Date:
Patient:
MRN:
Clinician: (Gastroenterologist, Geneticist)
Reason for Visit:
Follow-up for FAP
Colonoscopy results and surveillance plan
Upper GI endoscopy results (if applicable)
Discussion of risk-reducing surgery options
Genetic counseling update
History of Present Illness:
Briefly describe the patient’s current status:
Age at diagnosis of FAP (genetic testing or family history)
Presence of any gastrointestinal (GI) symptoms (abdominal pain, rectal bleeding)
FH (family history) of FAP or colorectal cancer (CRC) in first-degree relatives
Past Medical History:
Include any relevant past medical conditions, such as:
Previous abdominal surgeries (including polypectomies)
History of upper gastrointestinal (GI) polyps
Family History:
Document details of FAP or CRC in first-degree relatives (age of onset, type of surgery).
Social History:
Smoking history (current and past) – risk factor for CRC
Labs:
Consider mentioning recent labs as relevant, such as:
CBC (complete blood count) – may be checked pre-operatively
Electrolytes – important for surgery preparation
Imaging:
Colonoscopy:
Frequency of colonoscopies depends on age, polyp burden, and family history.
Mention results of recent colonoscopy, including number, size, and location of polyps.
Upper GI endoscopy (if applicable):
Consider mentioning findings if performed to evaluate for upper GI polyps (less common in FAP).
Pathology:
Briefly describe pathology results of any polyps removed during endoscopies (adenomatous vs. hyperplastic).
Genetics:
Document the specific FAP mutation identified (if known).
Mention any recent genetic counseling updates or discussions about testing cascade for family members.
Assessment:
Confirm the diagnosis of FAP based on genetic testing or family history.

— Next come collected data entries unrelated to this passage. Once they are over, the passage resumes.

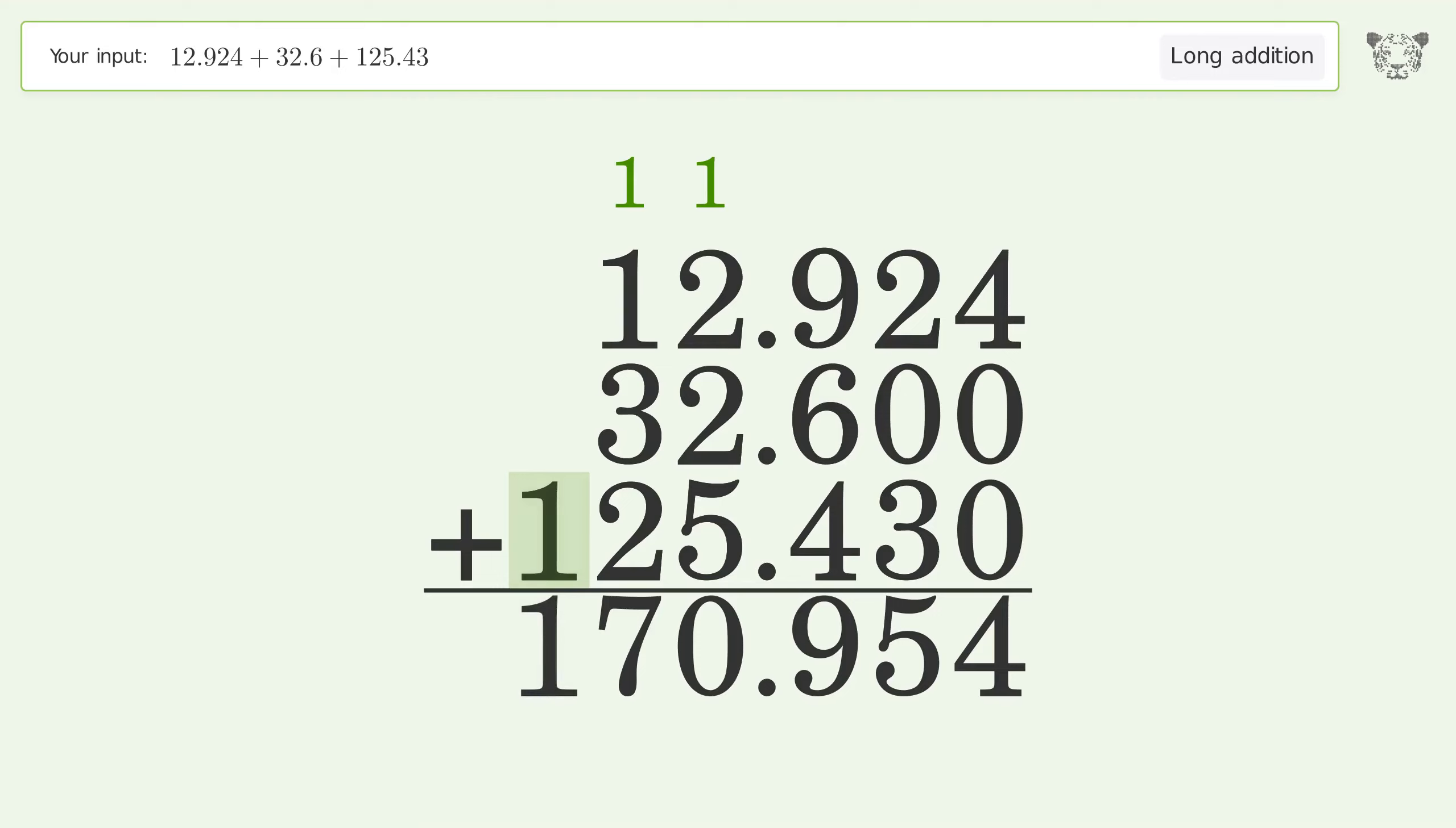Write 1 in the 100's place, and so the final result is 170.954.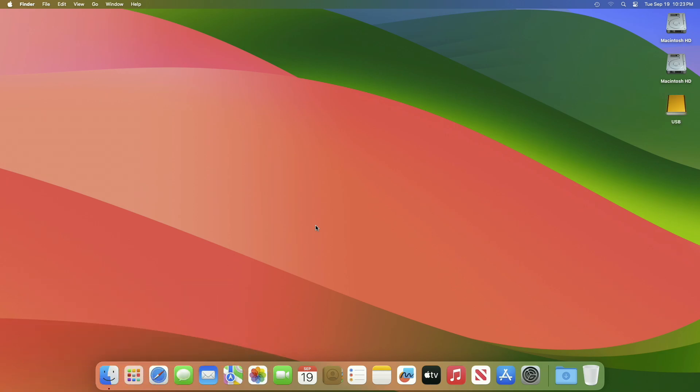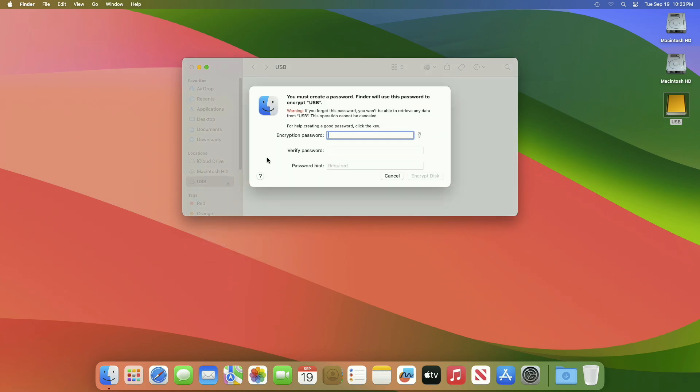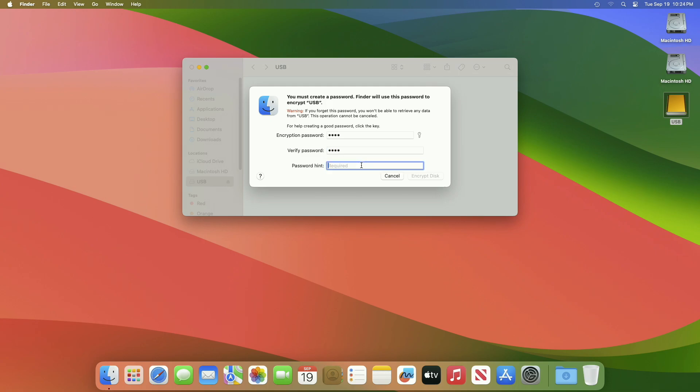Now plug your USB or external drive and open a Finder window. Right-click on your drive or USB name and then click on Encrypt. Create a strong password and verify, and also enter your password hint. Now click on Encrypt Disk.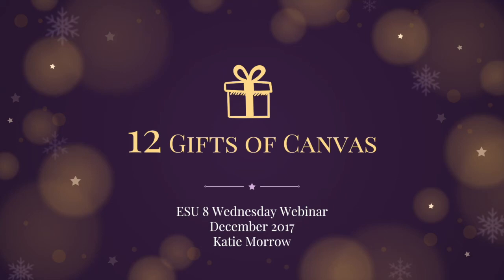When I think of the holiday season, I think of gift-giving, and I can't think of much else that I'd rather receive gifts from than the power of Canvas in my classroom. So today on this ESU8 Wednesday webinar, I hope to share with you 12 simple gifts that Canvas can give to your students and yourself as a teacher.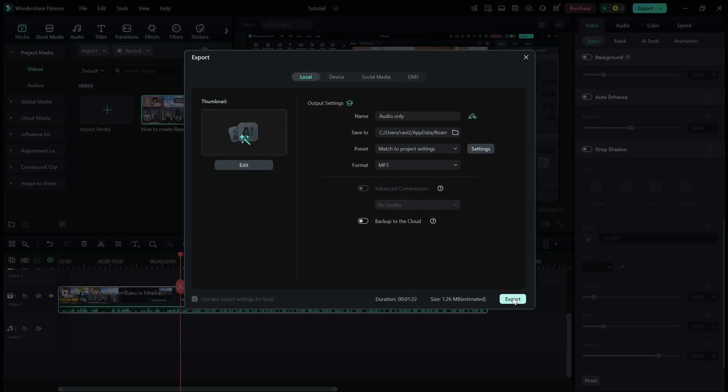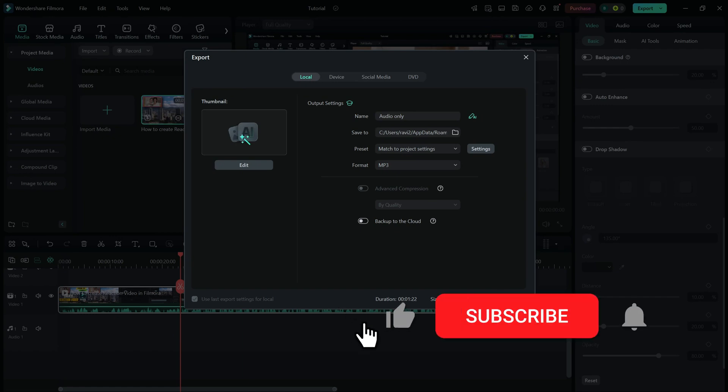If this tutorial was helpful, don't forget to like, share, and subscribe for more quick Filmora tips.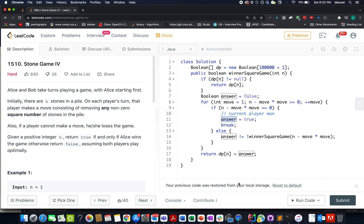Hello everyone, welcome to day 22nd of January LeetCode challenge. I hope all of you are having a great time. The question we have today is Stone Game 4. We've already solved a couple of questions of the Stone Game series, and this is a fresh new question, so let's try and understand it.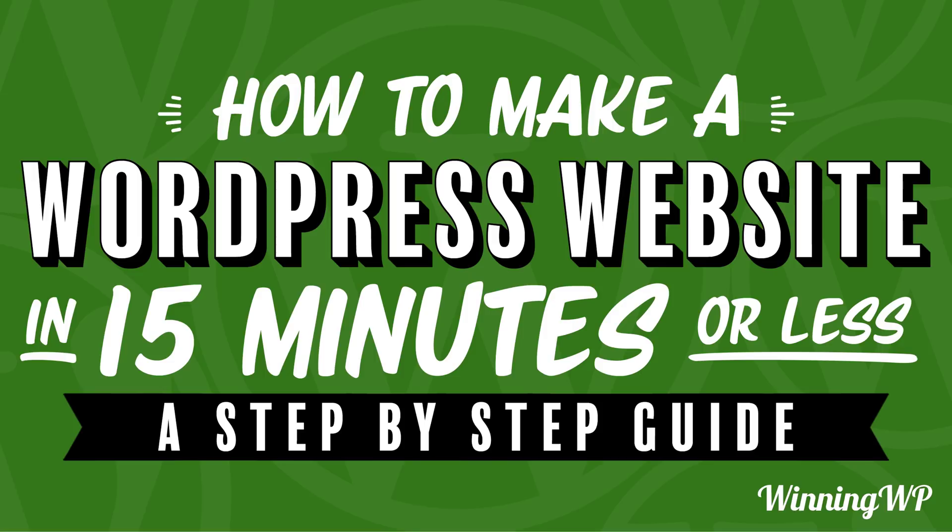WordPress is not only the most popular CMS on the planet, but it's also touted as one of the easiest platforms to get up and running quickly. In this video, we're going to show you that you can quickly, easily, and correctly create a nice-looking WordPress website.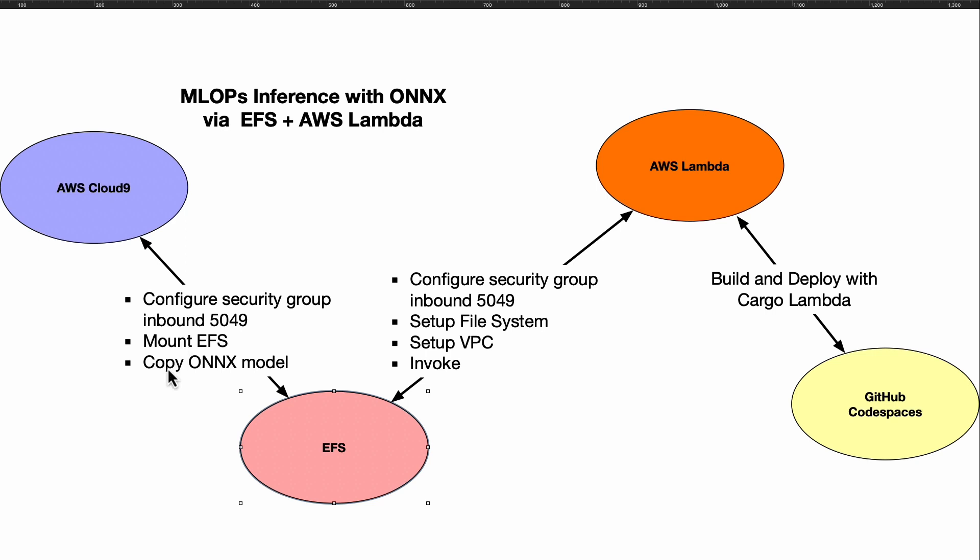You could put one, two, ten, twenty ONNX models and mount them in EFS. But you also need to make sure that you're able to expose port 5049 so that it is able to actually talk to that Cloud9 environment.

Assess the patient’s current disease status based on colonoscopy findings and risk factors for CRC.
Discuss the risk of desmoid tumors (non-cancerous tumors) in FAP patients.
Plan:
Outline the management plan based on the patient’s age, polyp burden, and family history:
Colonoscopy surveillance: Regular colonoscopies with polypectomy to remove polyps before they become cancerous. The frequency of colonoscopies is individualized.

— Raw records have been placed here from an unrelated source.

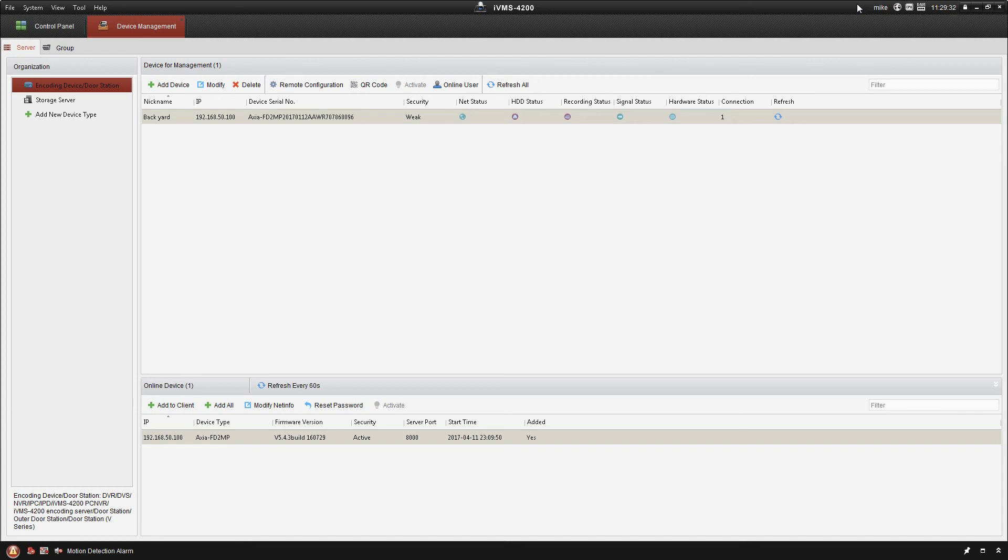Hey guys, Mike here with Sentry Security Systems Incorporated. We're going to continue along with the IVMS platform how-to videos here today. In the last video, we looked at the remote configuration and the settings that are in there.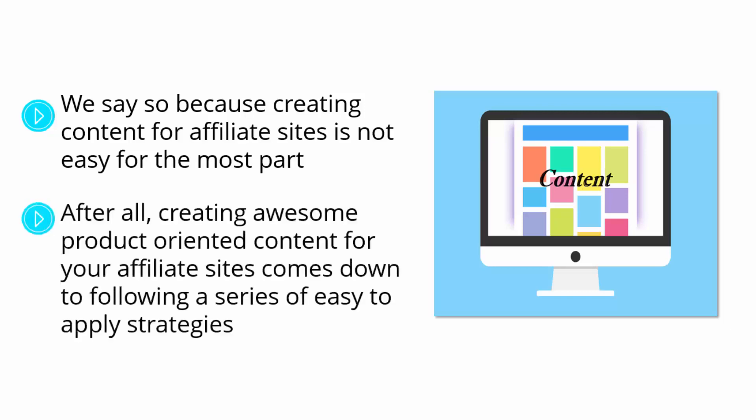After all, creating awesome product-oriented content for your affiliate sites comes down to following a series of easy-to-apply strategies. So let us grab you by the hand and guide you all the way through.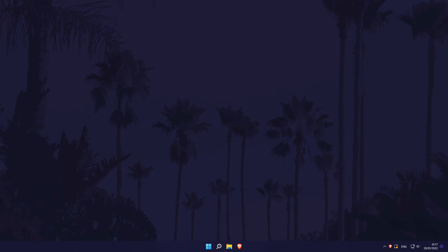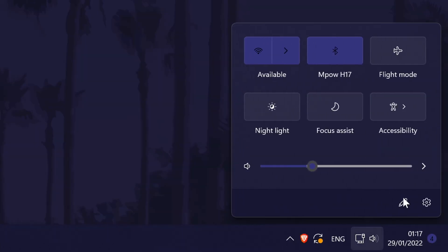First, go to the wifi or sound icon in the taskbar and click on it once. This should show more options and one of them should be flight mode. Click on it to turn it on or off.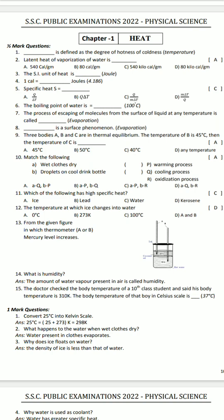In this class, we have to choose a public exam of the physical science. Each chapter has important expected questions. We have to choose these questions for the public exam.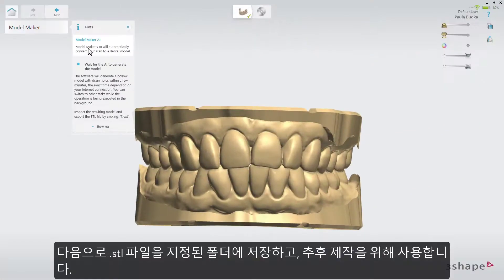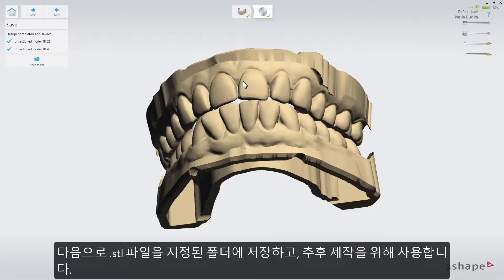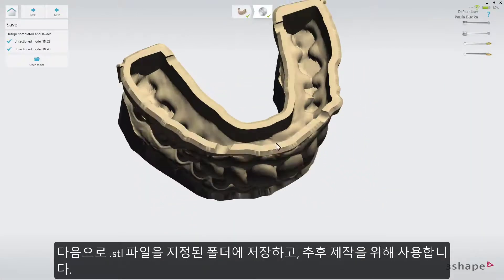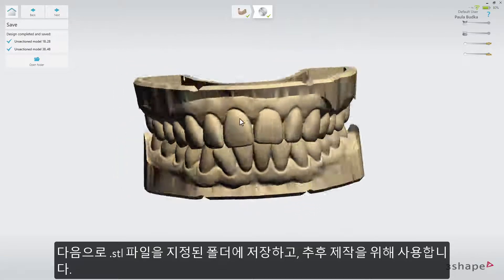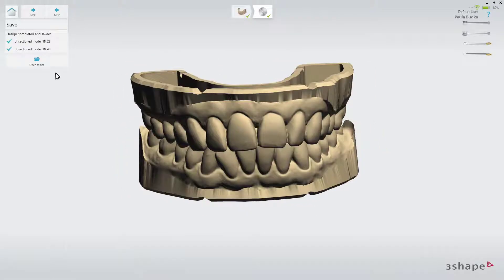The next step is to save the STL files in the designated folder, and use them later for manufacturing.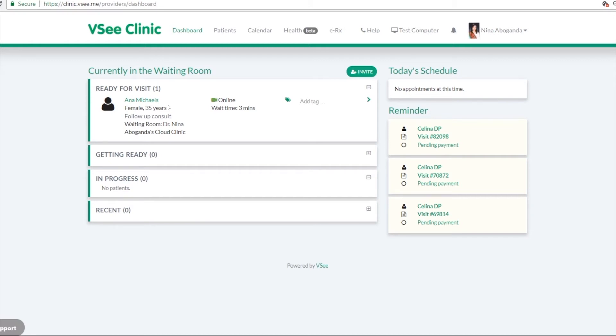So here you can see the name of the patient, some information about them here, if they're online and how long they have been waiting.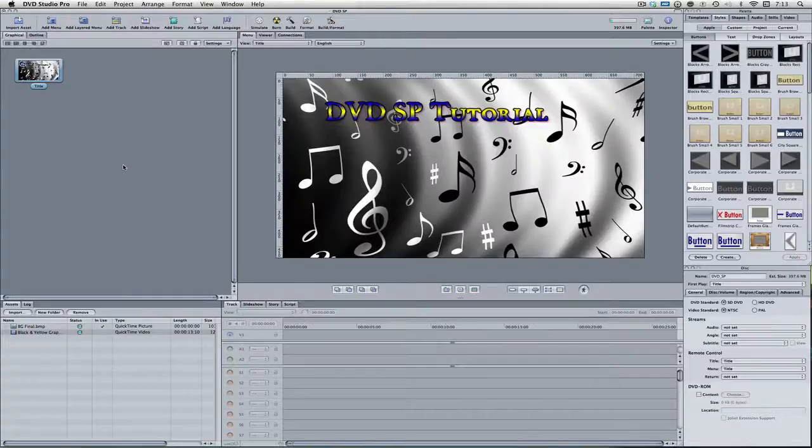Hello there, my friends! Hope all is going well in your world today. Right now we've got a brand new episode of the DVD Studio Pro series. Just so you guys also know, we only have two more episodes of this series left.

Chemoprevention: Consider medications like sulindac or aspirin to reduce polyp recurrence (discuss potential risks and benefits with the patient).
Risk-reducing surgery: Discuss the options and timing of prophylactic colectomy (removal of the colon) to prevent CRC.

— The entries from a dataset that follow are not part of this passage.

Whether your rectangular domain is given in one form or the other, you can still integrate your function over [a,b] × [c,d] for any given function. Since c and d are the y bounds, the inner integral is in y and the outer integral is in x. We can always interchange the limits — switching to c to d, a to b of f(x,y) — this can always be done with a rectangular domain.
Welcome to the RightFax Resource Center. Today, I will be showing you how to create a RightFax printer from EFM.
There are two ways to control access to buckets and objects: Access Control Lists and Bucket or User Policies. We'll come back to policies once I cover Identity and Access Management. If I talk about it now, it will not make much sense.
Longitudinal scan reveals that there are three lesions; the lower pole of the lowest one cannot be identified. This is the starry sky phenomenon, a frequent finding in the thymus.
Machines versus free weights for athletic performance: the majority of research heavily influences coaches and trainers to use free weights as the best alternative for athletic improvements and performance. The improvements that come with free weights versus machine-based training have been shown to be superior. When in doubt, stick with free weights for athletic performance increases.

Options include total colectomy with ileorectal anastomosis (preserving the rectum) or proctocolectomy with ileostomy (creating an external opening for stool).
Upper GI endoscopy: May be recommended at specific intervals for some FAP patients to check for upper GI polyps.
Prognosis:
Briefly discuss the prognosis. With regular surveillance and risk-reducing strategies, FAP patients can significantly reduce their risk of developing CRC.
Education:
Document any education provided to the patient regarding:
The nature of FAP and its implications
Importance of regular colonoscopy surveillance
Benefits and risks of risk-reducing surgery options
Diet and lifestyle modifications that may reduce CRC risk
Support groups and resources available for FAP patients
Notes:
Include any additional relevant information not covered above, such as the patient’s understanding of the plan and any emotional concerns they may have.
Consider mentioning the importance of lifelong follow-up and potential need to adjust management over time.
Disclaimer: This is a template and should be adapted to the specific needs of each patient. It is important to consult with a healthcare professional for diagnosis and treatment recommendations.